Start of Available data

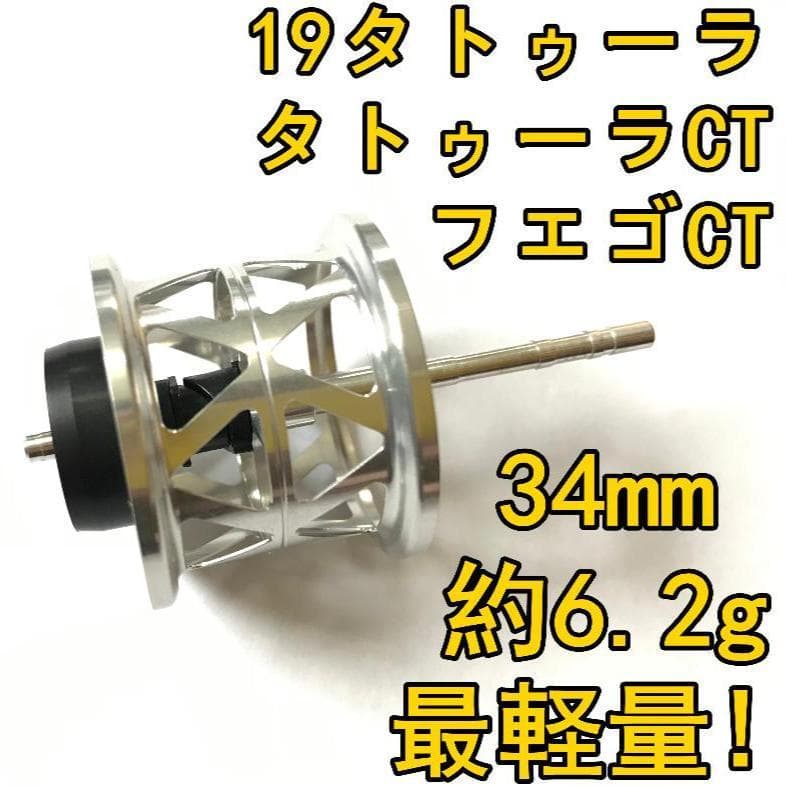 最軽量！ 19タトゥーラ CT タイプR フエゴ フィネススプール シルバー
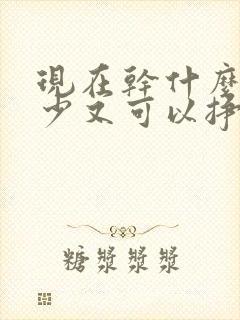 现在干什么投资少又可以挣钱呢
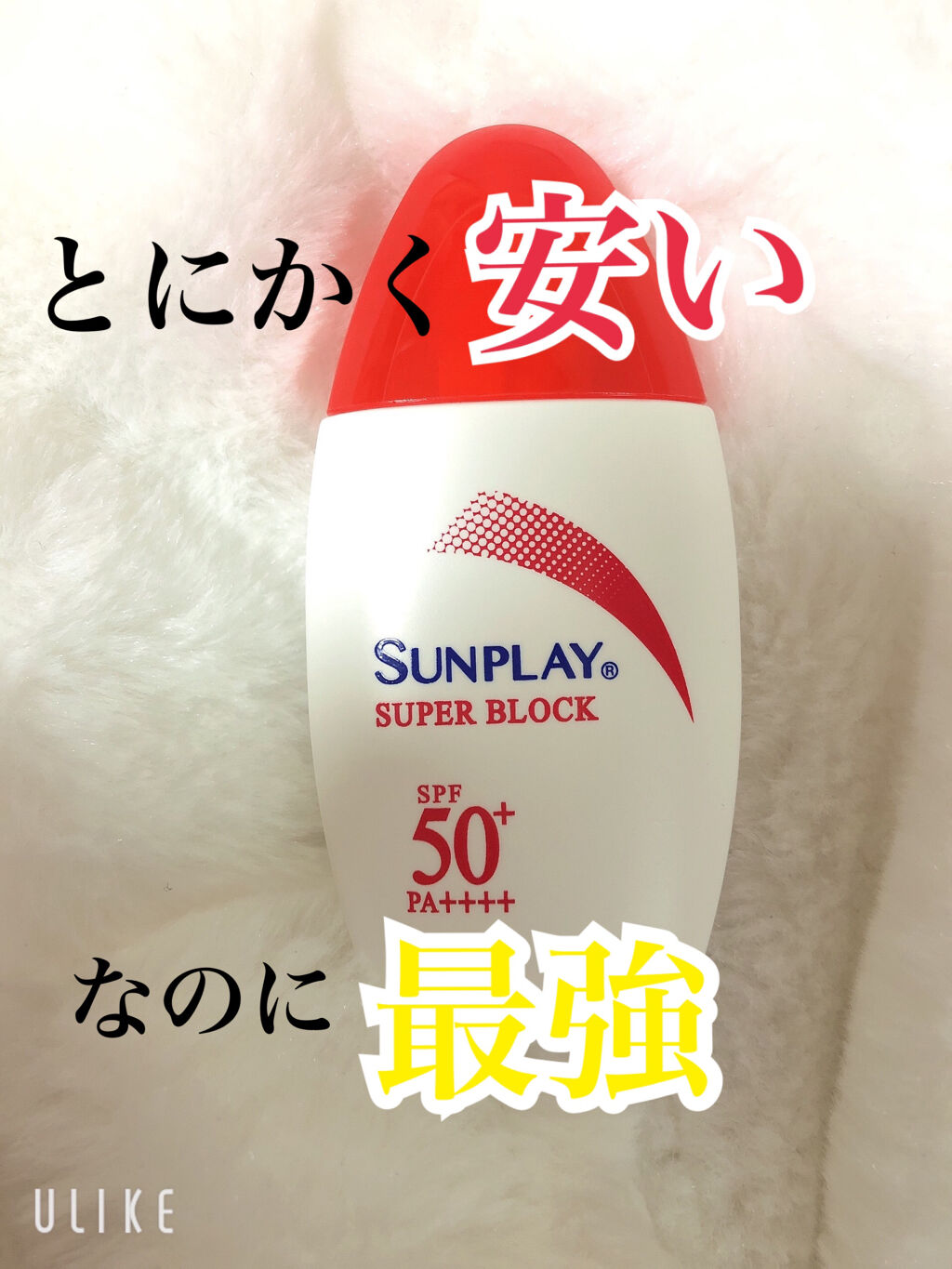 メンソレータム サンプレイ スーパーブロックdのクチコミ「🌼激安日焼け止め🌼

こんばんは！

しろっぷです。

今回さメンソレータム サンプレイ

サ.....」（1枚目）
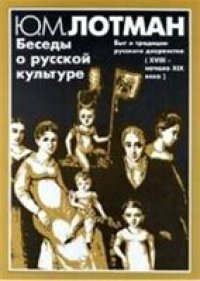 cover of the book Беседы о русской культуре.Быт и традиции русского дворянства (XVIII-начало XIX века).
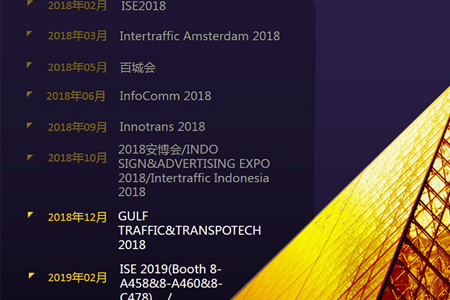 迪拜轨道展，BSport体育官网光电约定你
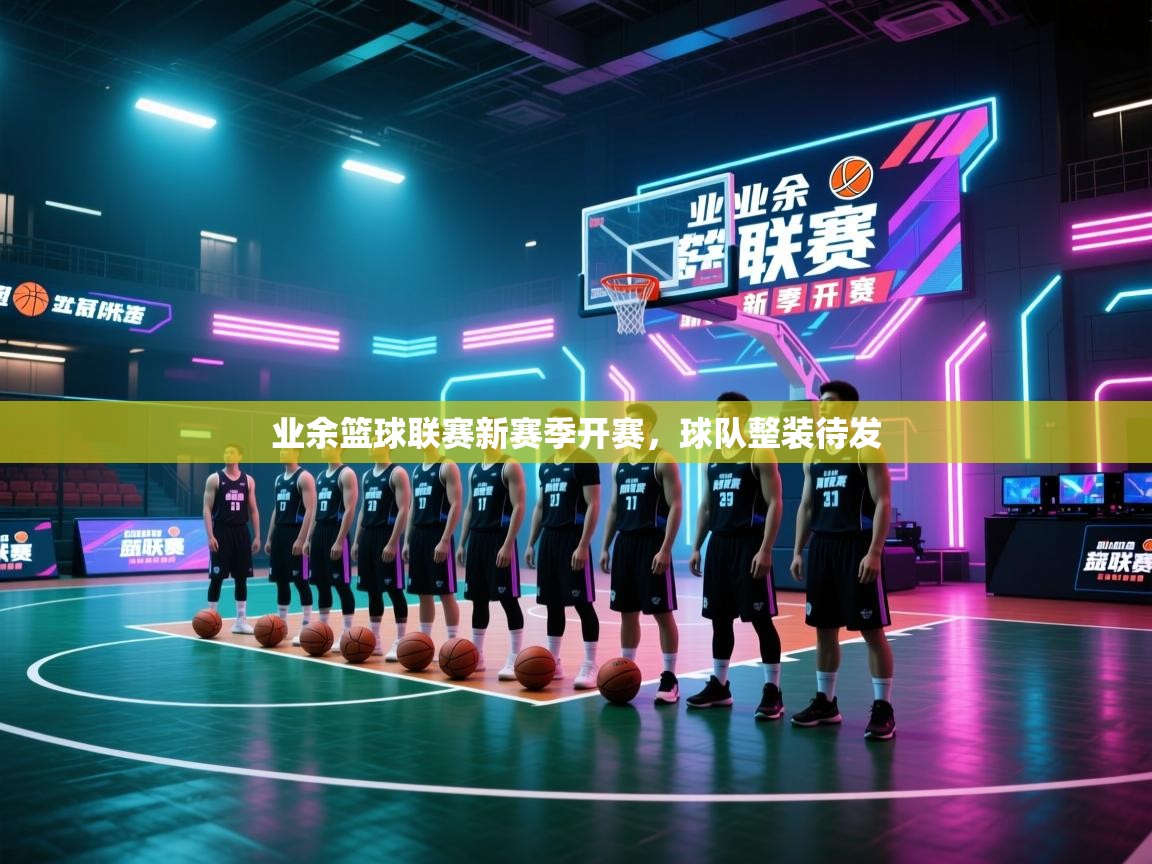 业余篮球联赛新赛季开赛，球队整装待发  第2张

End of Available data

- **Work to complete**:
When you reach the line containing "迪拜轨道展，BSport体育官网光电约定你" in the listing above, reproduce it and every line after it through the last, exactly; omit the pictures.

- **Your solution**:
 迪拜轨道展，BSport体育官网光电约定你
 业余篮球联赛新赛季开赛，球队整装待发  第2张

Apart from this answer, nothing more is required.